Please print nothing but the lines from the one containing "724 Ridge Avenue, Stone Mountain" to the final line below, exactly, and no pictures.

Data:
:::
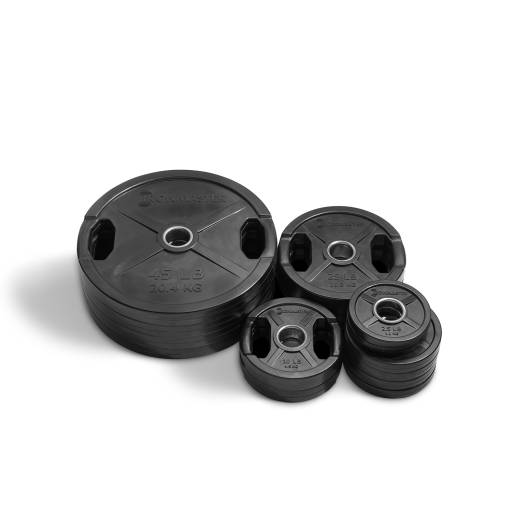 275 lb Olympic Plate Set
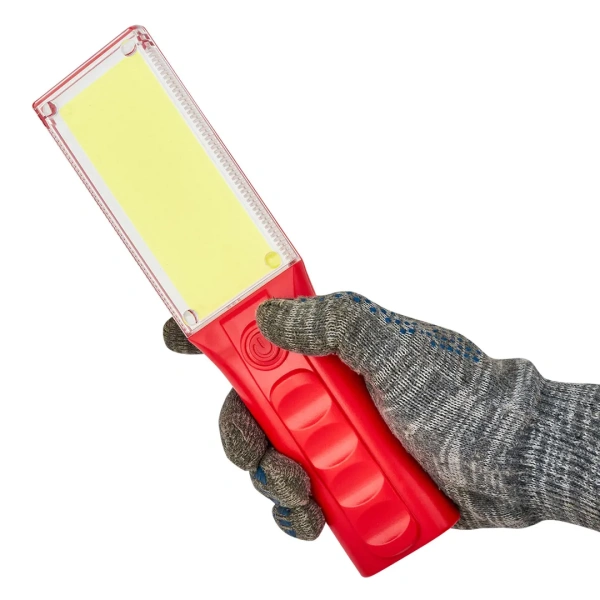 Фонарь светодиодный аккумуляторный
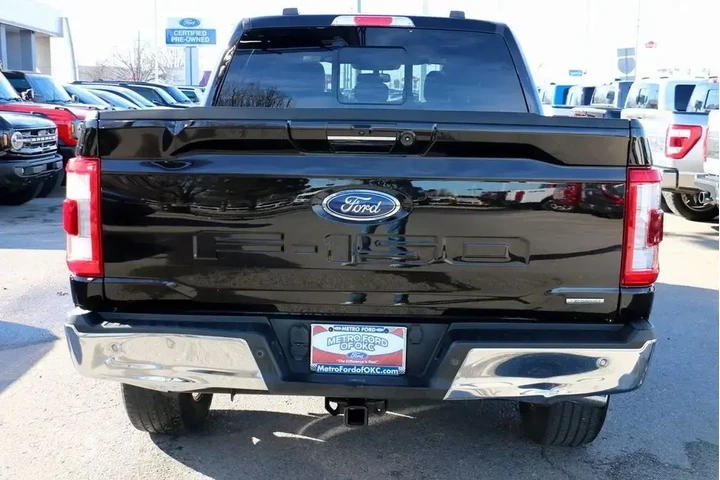 $30500 : Ford F-150 2021 4x4 Lariat 4 image 6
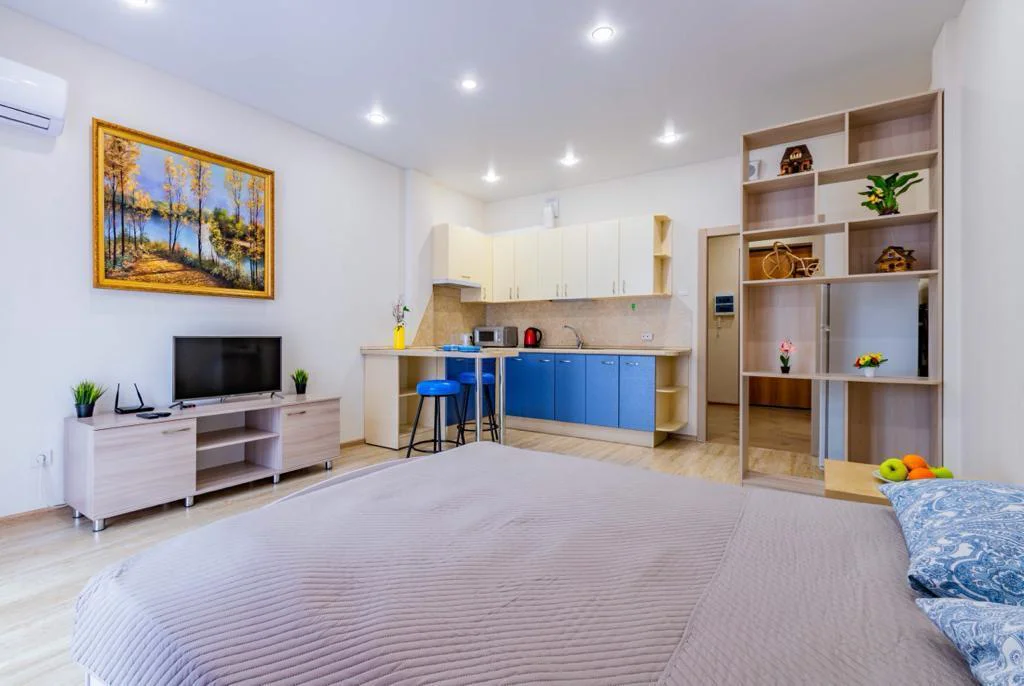 Аренда Квартиры-студии в Екатеринбурге, Центр, ул. Белинского 30 Посуточно 6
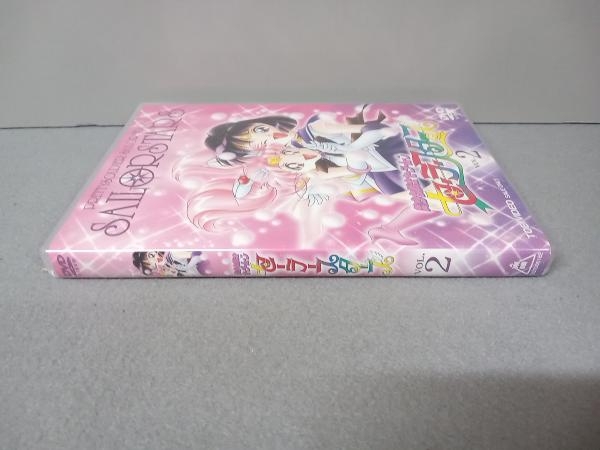 【パズルなし】DVD 美少女戦士セーラームーン セーラースターズ VOL.2_画像3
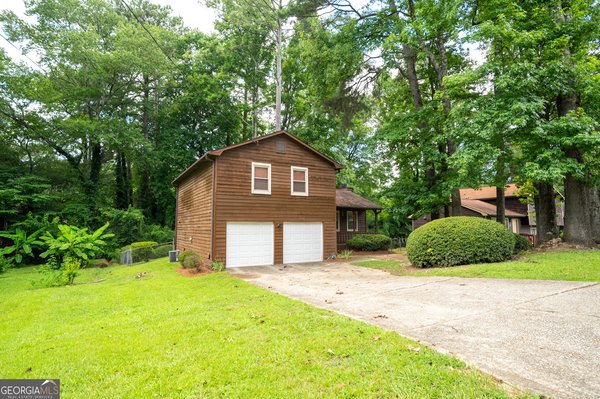 724 Ridge Avenue, Stone Mountain
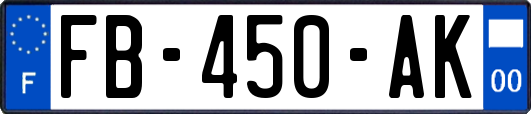 FB-450-AK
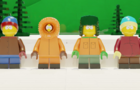 Cartman Gets Ignored | Lego Recreation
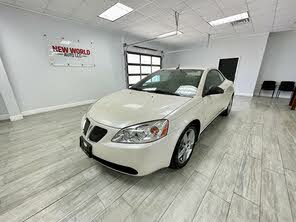 Pontiac G6 GT
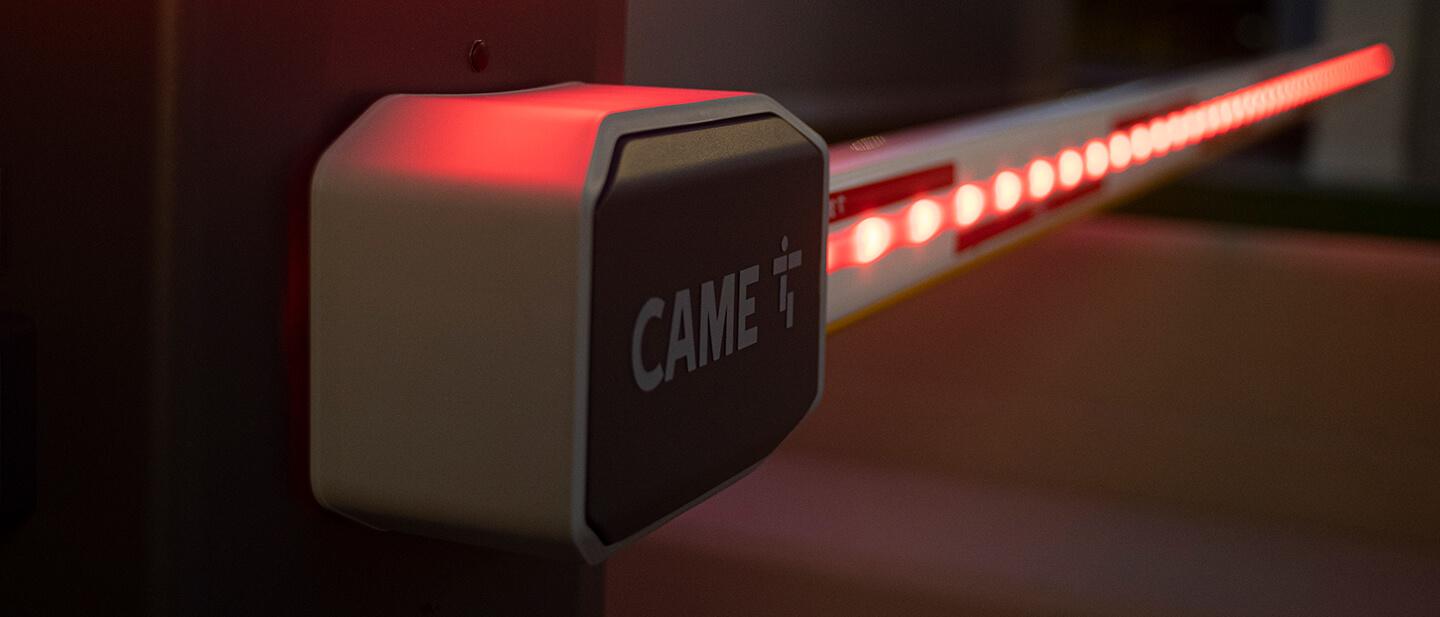 Шлагбаум CAME GARD GT4 (Італія)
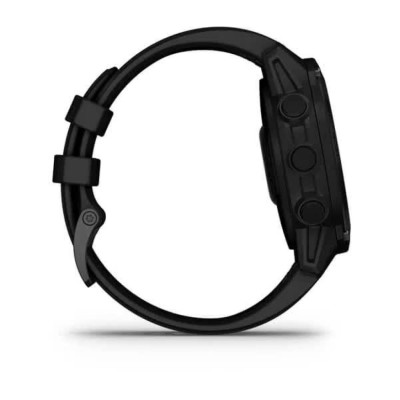 Смарт-часы Garmin Descent G1, Solar Edition, Black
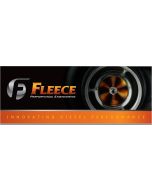 Fleece Performance Turbo 6 X 2.5ft Banner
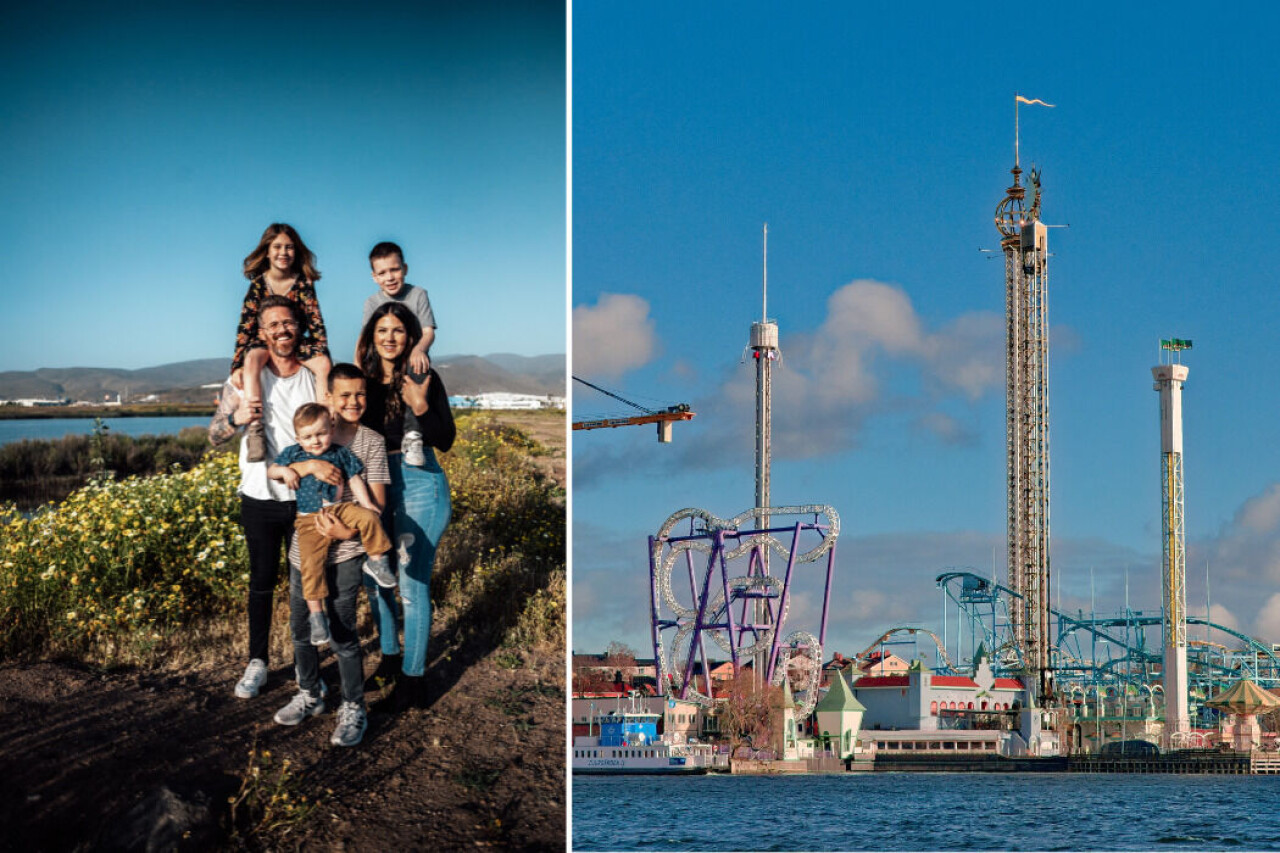 Vill du vinna entrébiljetter till Gröna Lund till dig och din familj? Just nu söker Life of Svea familjer som besökt vårdenheten Kry.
:::
Answer below:
 724 Ridge Avenue, Stone Mountain
 FB-450-AK
 Cartman Gets Ignored | Lego Recreation
 Pontiac G6 GT
 Шлагбаум CAME GARD GT4 (Італія)
 Смарт-часы Garmin Descent G1, Solar Edition, Black
 Fleece Performance Turbo 6 X 2.5ft Banner
 Vill du vinna entrébiljetter till Gröna Lund till dig och din familj? Just nu söker Life of Svea familjer som besökt vårdenheten Kry.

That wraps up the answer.